*Work instructions*
Leave out the pictures and set down exactly the lines from the start of the listing through the one with "Aceite de barba", both included.

□ □ □ □ □ □ □

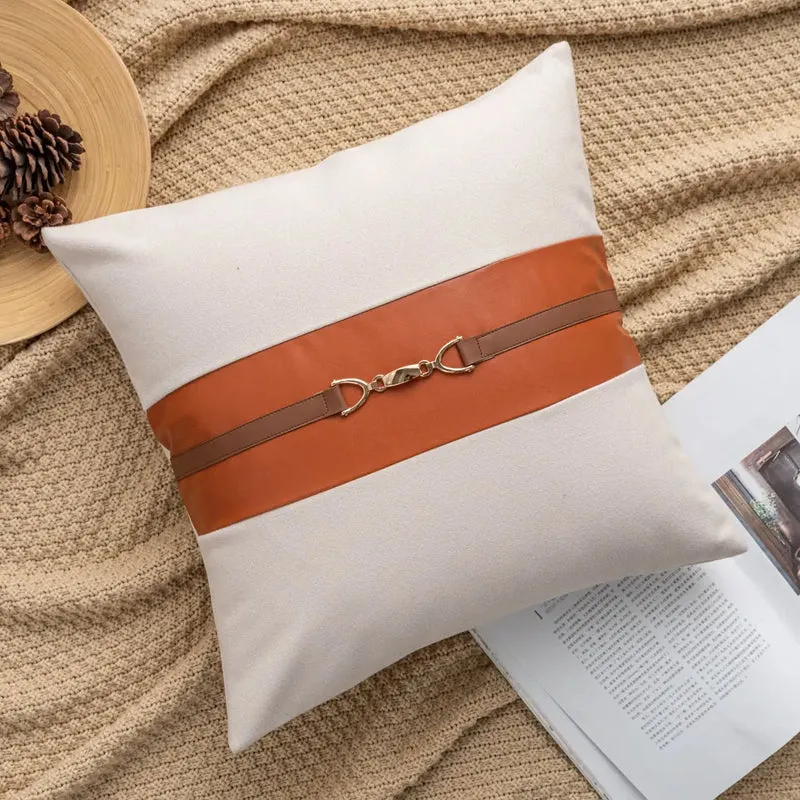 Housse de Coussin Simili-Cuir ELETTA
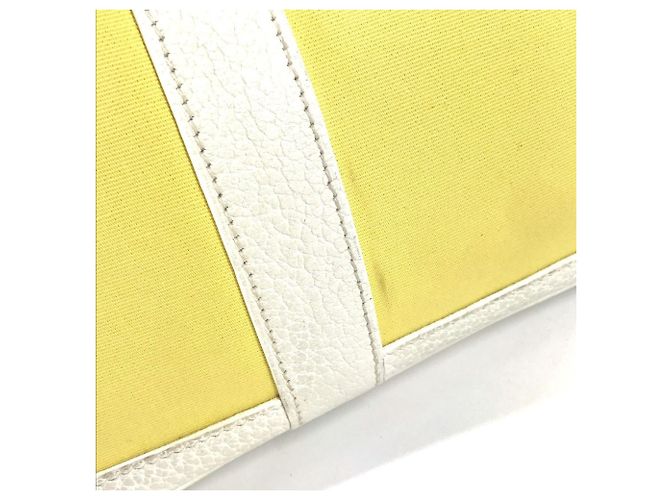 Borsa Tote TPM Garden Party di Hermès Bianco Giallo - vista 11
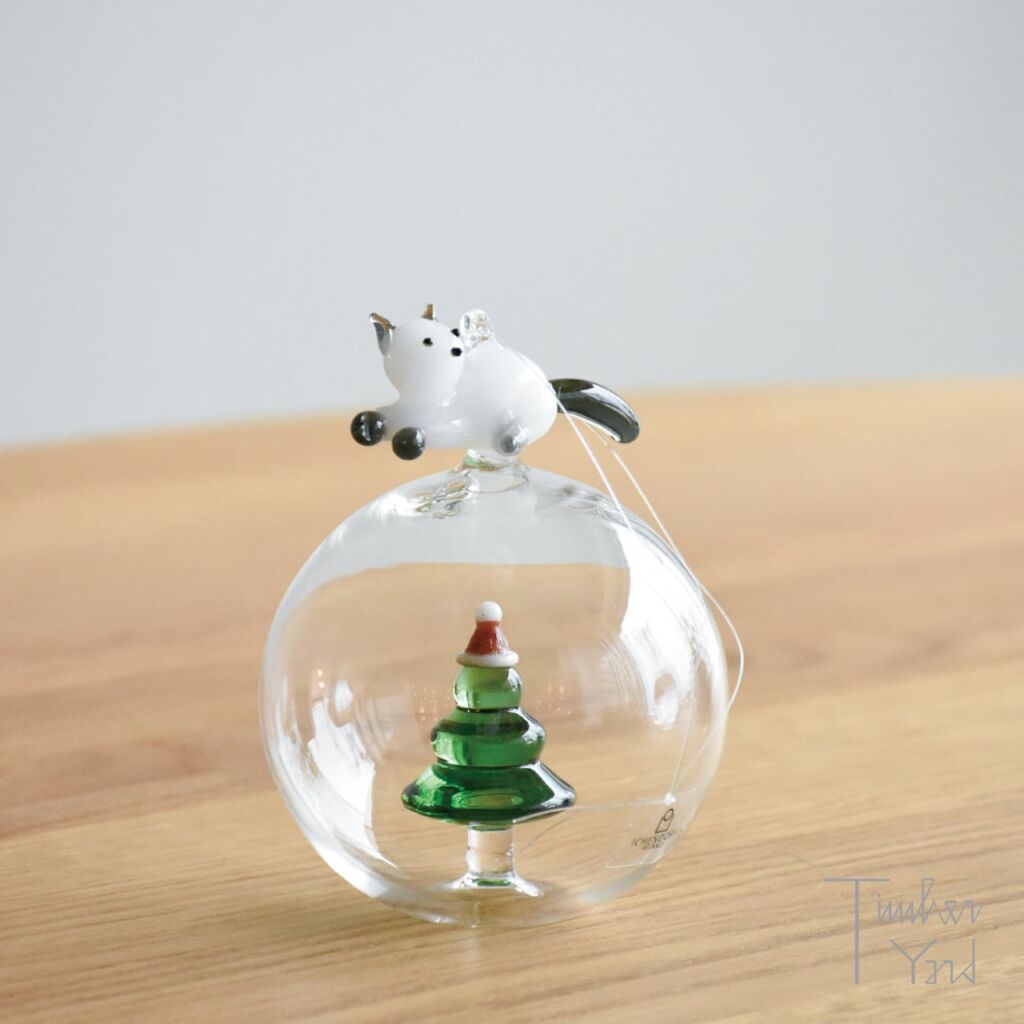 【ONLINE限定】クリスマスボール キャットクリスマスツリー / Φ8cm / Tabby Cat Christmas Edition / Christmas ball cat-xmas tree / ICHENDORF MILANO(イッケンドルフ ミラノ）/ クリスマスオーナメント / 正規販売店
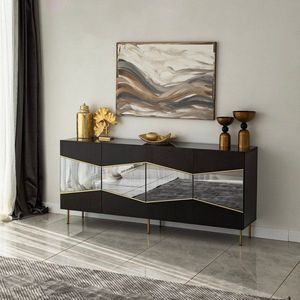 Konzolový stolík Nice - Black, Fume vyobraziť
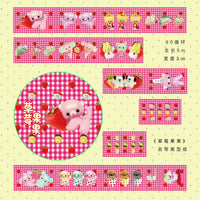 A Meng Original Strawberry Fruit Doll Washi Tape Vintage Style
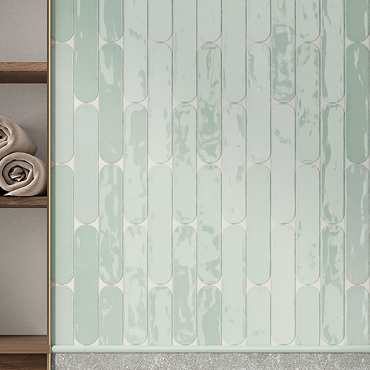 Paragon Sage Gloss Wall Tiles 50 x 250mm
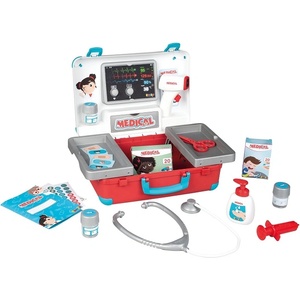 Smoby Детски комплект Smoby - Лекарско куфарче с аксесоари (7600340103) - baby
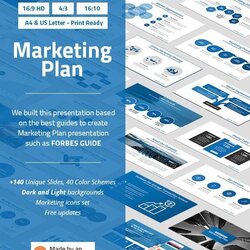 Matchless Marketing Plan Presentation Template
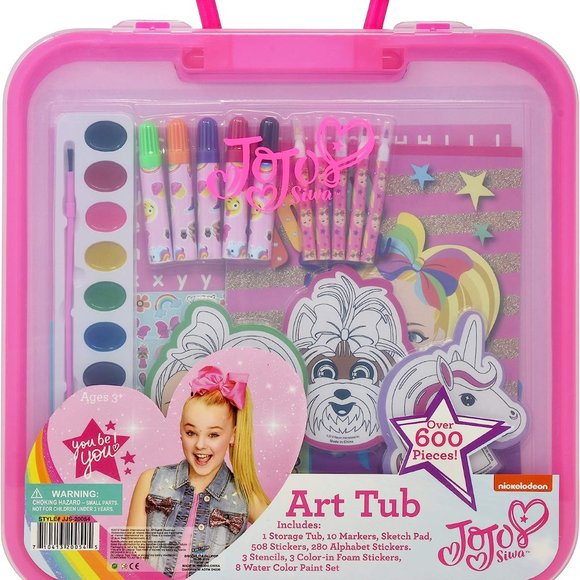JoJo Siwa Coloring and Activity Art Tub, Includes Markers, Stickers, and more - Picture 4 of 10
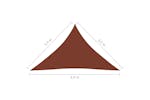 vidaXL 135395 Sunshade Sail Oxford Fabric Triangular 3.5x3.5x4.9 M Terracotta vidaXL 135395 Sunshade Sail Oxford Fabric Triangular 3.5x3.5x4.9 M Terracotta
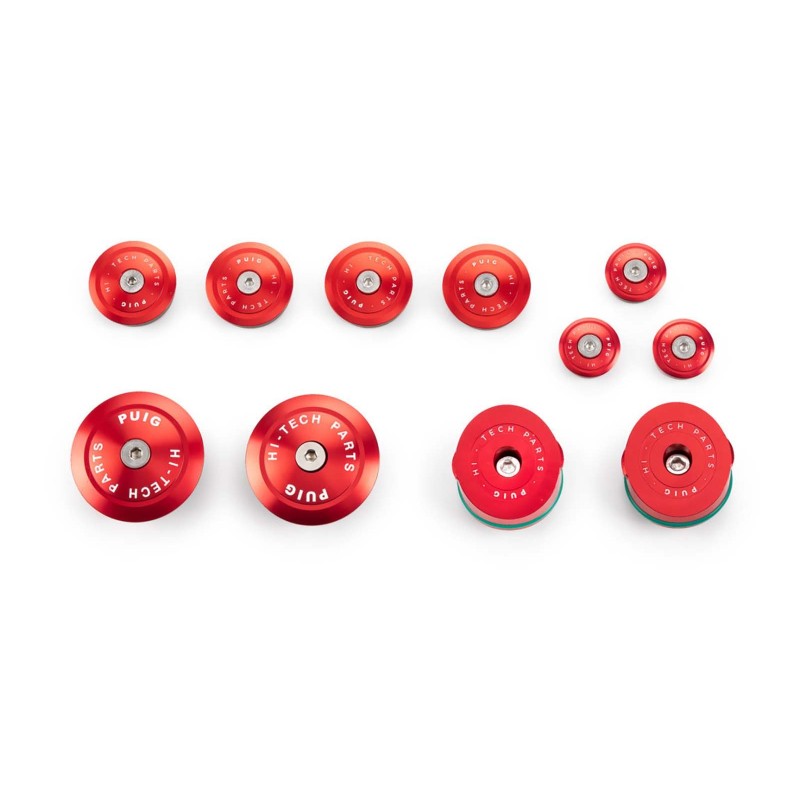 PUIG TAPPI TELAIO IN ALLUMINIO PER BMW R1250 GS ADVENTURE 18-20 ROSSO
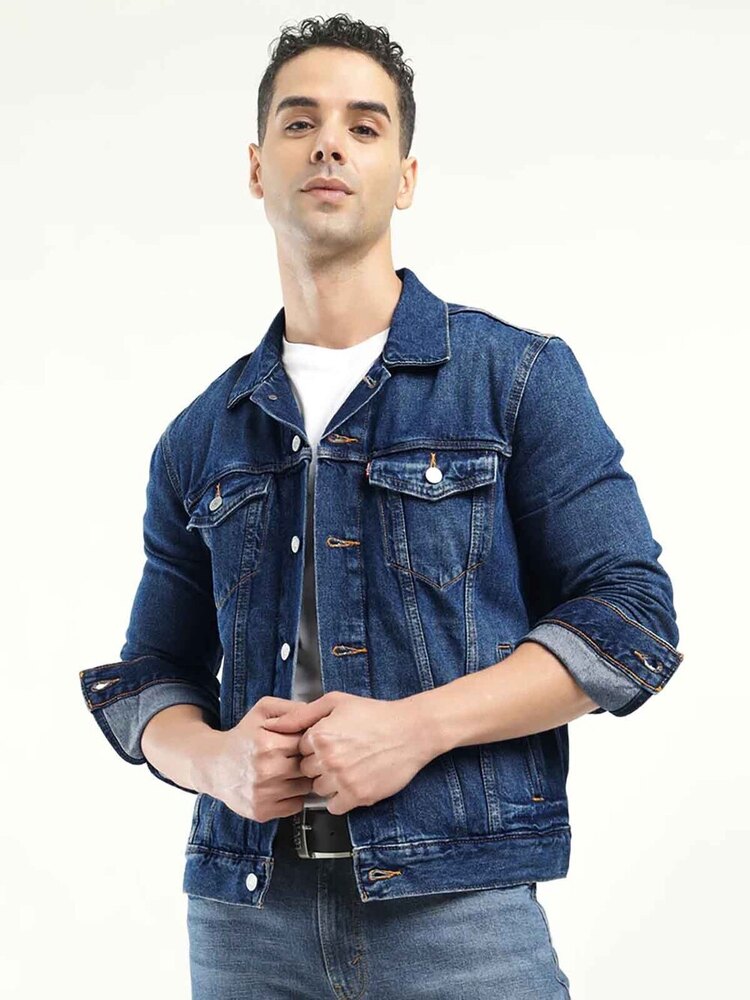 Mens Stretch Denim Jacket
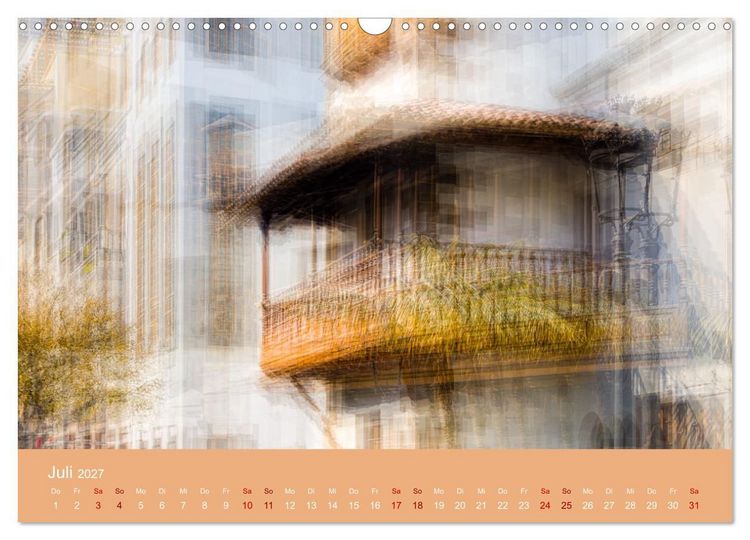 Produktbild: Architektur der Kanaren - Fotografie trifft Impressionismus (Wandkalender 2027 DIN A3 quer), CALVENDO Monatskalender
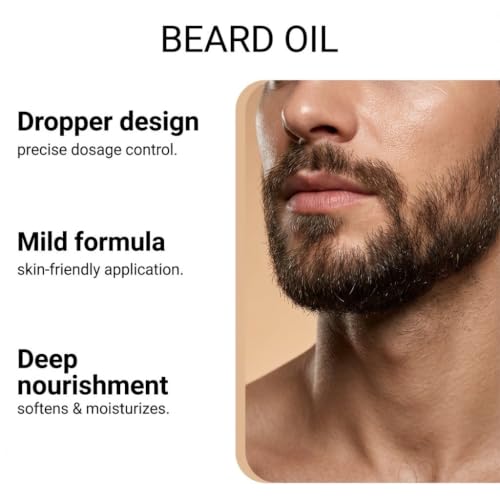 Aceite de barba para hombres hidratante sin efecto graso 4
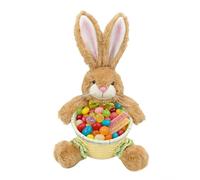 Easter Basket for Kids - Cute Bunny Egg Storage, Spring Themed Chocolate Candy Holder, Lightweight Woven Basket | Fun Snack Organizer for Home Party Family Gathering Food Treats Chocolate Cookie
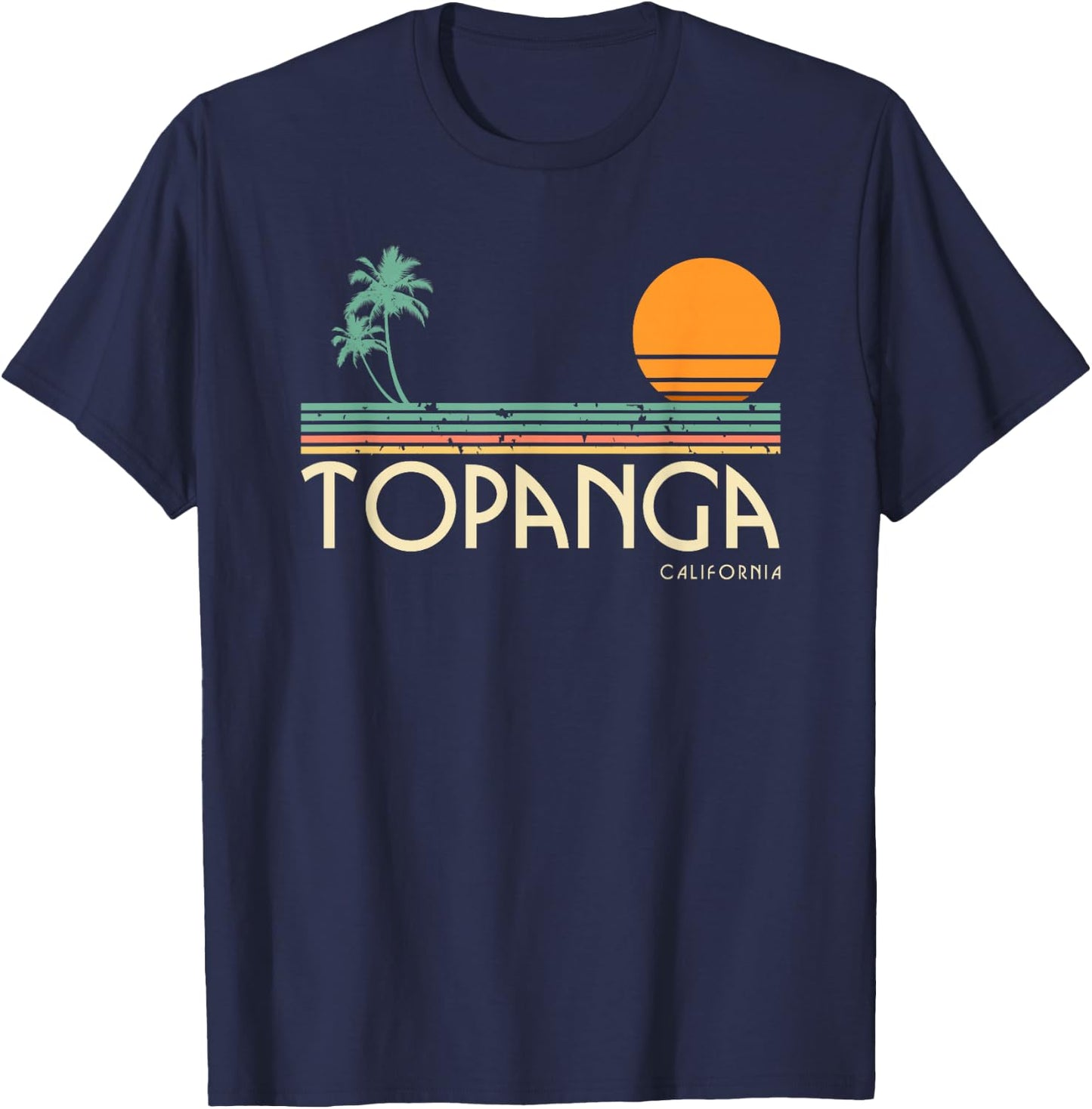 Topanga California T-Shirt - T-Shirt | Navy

□ □ □ □ □ □ □

*Result for this task*
 Housse de Coussin Simili-Cuir ELETTA
 Borsa Tote TPM Garden Party di Hermès Bianco Giallo - vista 11
 【ONLINE限定】クリスマスボール キャットクリスマスツリー / Φ8cm / Tabby Cat Christmas Edition / Christmas ball cat-xmas tree / ICHENDORF MILANO(イッケンドルフ ミラノ）/ クリスマスオーナメント / 正規販売店
 Konzolový stolík Nice - Black, Fume vyobraziť
 A Meng Original Strawberry Fruit Doll Washi Tape Vintage Style
 Paragon Sage Gloss Wall Tiles 50 x 250mm
 Smoby Детски комплект Smoby - Лекарско куфарче с аксесоари (7600340103) - baby
 Matchless Marketing Plan Presentation Template
JoJo Siwa Coloring and Activity Art Tub, Includes Markers, Stickers, and more - Picture 4 of 10
 vidaXL 135395 Sunshade Sail Oxford Fabric Triangular 3.5x3.5x4.9 M Terracotta vidaXL 135395 Sunshade Sail Oxford Fabric Triangular 3.5x3.5x4.9 M Terracotta
 PUIG TAPPI TELAIO IN ALLUMINIO PER BMW R1250 GS ADVENTURE 18-20 ROSSO
 Mens Stretch Denim Jacket
 Produktbild: Architektur der Kanaren - Fotografie trifft Impressionismus (Wandkalender 2027 DIN A3 quer), CALVENDO Monatskalender
 Aceite de barba para hombres hidratante sin efecto graso 4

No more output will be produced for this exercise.